In no other arena of life is this better demonstrated than in the realm of public transit, a service underlying nearly every function of my life, from social to professional. But public transit operates by some hard-and-fast rules that are painful to stomach. If I am on time for the train, it is usually late. If, however, I am one minute late for the train, it is bang on time and just pulling away from the station. When the guy squeezed next to me on the packed 5:49 thinks the train is a picnic ground for his super-size McDonald’s dinner, that is, of course, when the train is marooned for 20 minutes behind a mechanical failure at Temple University Station. When ten high-school students board the mostly empty subway car, they will pile into the seats directly around me as surely as seagulls circle funnel cake, and their screeching will rival the noise of Antarctica’s Bird Island, which is home to approximately 100,000 penguins, 60,000 albatross and 65,000 fur seals. And whether I am running late for a press date determines whether the bus will be late: 20 minutes will pass while I wait at a stop which is meant to have service every ten minutes. Finally, at the precise moment that hope of being on time slips away, two buses lurch into view, one running early, the other late, so that they drive the entire route one after the other, the first bus packed and the second one empty. If I were good at math, I could work out an algorithm predicting how many minutes late the bus will be based on the distance between me and my destination and the number of minutes late I will be once I arrive there, processed with the relative comfort of the outdoor temperature and presence of precipitation, factored by the amount of influence the person kept waiting for me has on my career.

But last night, something strange happened.
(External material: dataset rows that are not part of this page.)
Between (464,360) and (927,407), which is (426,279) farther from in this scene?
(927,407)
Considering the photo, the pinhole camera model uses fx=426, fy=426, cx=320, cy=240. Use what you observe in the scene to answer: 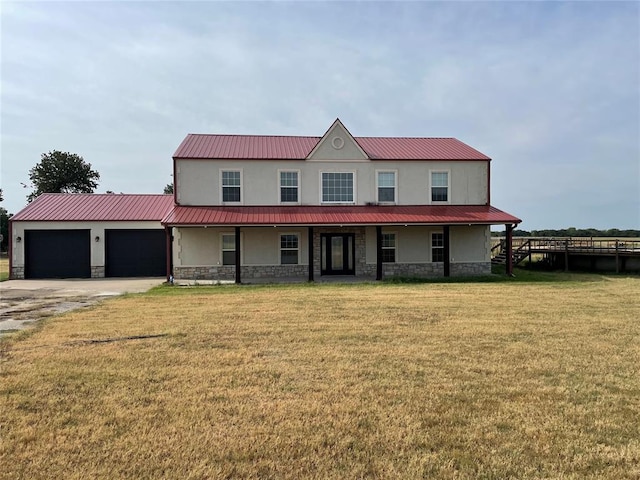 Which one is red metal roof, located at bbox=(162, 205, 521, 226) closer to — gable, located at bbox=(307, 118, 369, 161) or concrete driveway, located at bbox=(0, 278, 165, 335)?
gable, located at bbox=(307, 118, 369, 161)

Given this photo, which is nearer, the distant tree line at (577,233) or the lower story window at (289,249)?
the lower story window at (289,249)

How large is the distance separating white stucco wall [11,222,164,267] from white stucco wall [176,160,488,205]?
12.7ft

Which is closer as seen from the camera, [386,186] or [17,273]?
[386,186]

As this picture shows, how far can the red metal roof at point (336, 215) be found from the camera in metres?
18.2

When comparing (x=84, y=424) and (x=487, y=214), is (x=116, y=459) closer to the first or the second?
(x=84, y=424)

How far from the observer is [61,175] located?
4919 centimetres

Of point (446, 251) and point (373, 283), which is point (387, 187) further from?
point (373, 283)

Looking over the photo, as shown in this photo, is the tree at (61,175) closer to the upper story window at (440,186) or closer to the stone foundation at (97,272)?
the stone foundation at (97,272)

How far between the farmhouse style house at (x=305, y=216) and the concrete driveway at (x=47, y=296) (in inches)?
86.7

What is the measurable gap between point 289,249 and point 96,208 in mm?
10914

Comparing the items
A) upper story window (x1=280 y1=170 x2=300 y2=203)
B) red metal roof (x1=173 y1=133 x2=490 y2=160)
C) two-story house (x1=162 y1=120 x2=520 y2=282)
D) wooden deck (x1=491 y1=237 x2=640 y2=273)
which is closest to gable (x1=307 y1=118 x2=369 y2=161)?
two-story house (x1=162 y1=120 x2=520 y2=282)

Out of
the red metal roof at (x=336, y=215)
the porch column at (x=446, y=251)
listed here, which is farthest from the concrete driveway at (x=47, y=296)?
the porch column at (x=446, y=251)

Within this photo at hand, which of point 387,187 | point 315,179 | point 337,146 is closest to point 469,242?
point 387,187

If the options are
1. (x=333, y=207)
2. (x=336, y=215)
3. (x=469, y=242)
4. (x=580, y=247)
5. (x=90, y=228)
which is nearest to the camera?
(x=336, y=215) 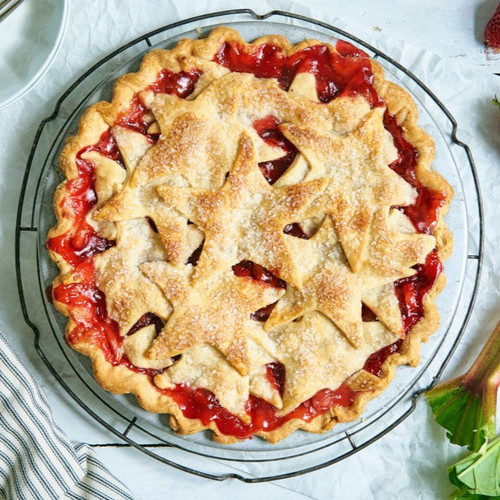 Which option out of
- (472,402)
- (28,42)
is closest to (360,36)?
(28,42)

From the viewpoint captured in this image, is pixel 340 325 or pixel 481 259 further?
pixel 481 259

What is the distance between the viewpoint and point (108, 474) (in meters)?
2.14

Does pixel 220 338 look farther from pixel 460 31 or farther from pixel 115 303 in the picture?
pixel 460 31

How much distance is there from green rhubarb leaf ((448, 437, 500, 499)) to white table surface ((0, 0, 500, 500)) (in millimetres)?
85

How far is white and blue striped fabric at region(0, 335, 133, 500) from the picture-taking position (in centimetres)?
203

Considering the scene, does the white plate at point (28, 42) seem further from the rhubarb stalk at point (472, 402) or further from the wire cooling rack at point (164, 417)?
the rhubarb stalk at point (472, 402)

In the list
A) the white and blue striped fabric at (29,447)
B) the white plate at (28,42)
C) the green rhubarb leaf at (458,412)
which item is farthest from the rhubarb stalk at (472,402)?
the white plate at (28,42)

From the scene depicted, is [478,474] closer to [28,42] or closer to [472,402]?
[472,402]

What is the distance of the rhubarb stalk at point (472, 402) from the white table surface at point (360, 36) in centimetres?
6

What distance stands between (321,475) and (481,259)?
2.75 ft

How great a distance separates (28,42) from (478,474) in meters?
1.80

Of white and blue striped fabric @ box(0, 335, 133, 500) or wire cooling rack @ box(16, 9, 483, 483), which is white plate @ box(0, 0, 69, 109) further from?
white and blue striped fabric @ box(0, 335, 133, 500)

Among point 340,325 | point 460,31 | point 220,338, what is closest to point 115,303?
point 220,338

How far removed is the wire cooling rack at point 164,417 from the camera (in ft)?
6.79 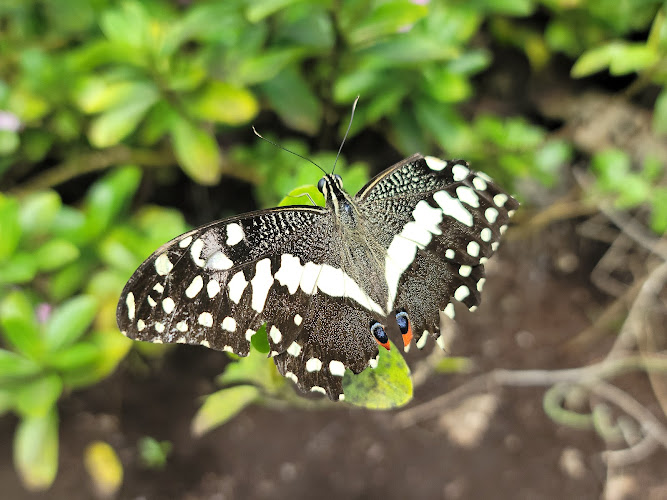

I had nowhere special to be after work, but the other woman at the bus stop was agitated. She was meant to be at a show whose curtain was in 20 minutes, and the bus was 15 minutes late. Was the universe conspiring against her, instead of me? What happened to the universe’s usual careful focus on my personal desperation? Apparently I am as egotistical as the self-centered people I’ve always reviled. Instead of having an optimistic view of the world’s care for me, I am a pessimistic narcissist – a person who believes that the forces of fate consistently go out of their way to thwart my daily plans. But what about the other 310,000 people riding SEPTA today? The bus can’t be late at a crucial moment for everyone. Do the fates take a break from irritating me to go frustrate someone else? If the universe does not, in fact, single me out for difficulties, am I comfortable with that lack of personal distinction? Perhaps my pessimism boils down to some unflattering assumptions: that I (as I sweat the clock and find myself next to the dude who’s having a cigarette inside the bus shelter on a rainy day) am so special that supernatural forces of the world conspire against me, and that I thrive on this perceived perverse distinction just as much as a wannabe starlet revels in the crass publicity of a reality show.

But can I give up my self-centered, negative views?

It’s true, sometimes events occur which lead me to question my entrenched perspective. For example, I was recently rushing from work in the city to a family gathering in the suburbs. Whether or not I could make it to my grandfather’s dinner depended on whether the bus was on time. I had pretty nearly resigned myself to a hopeless wait when the bus came rumbling down the street immediately.

This is something the optimist might take for granted. Optimists would not write essays about a punctual bus more than a month after the fact – they would accept it as the natural order of their lives, and move on. But I experience the arrival of an on-time bus as a memorable, dazzling, improbable boon. Perhaps the deepest truth of being a pessimist is that I am incredibly easy to please. And when something like this happens, I still appreciate the sensation of being at the center of world – though once, just this once, the world is on my side.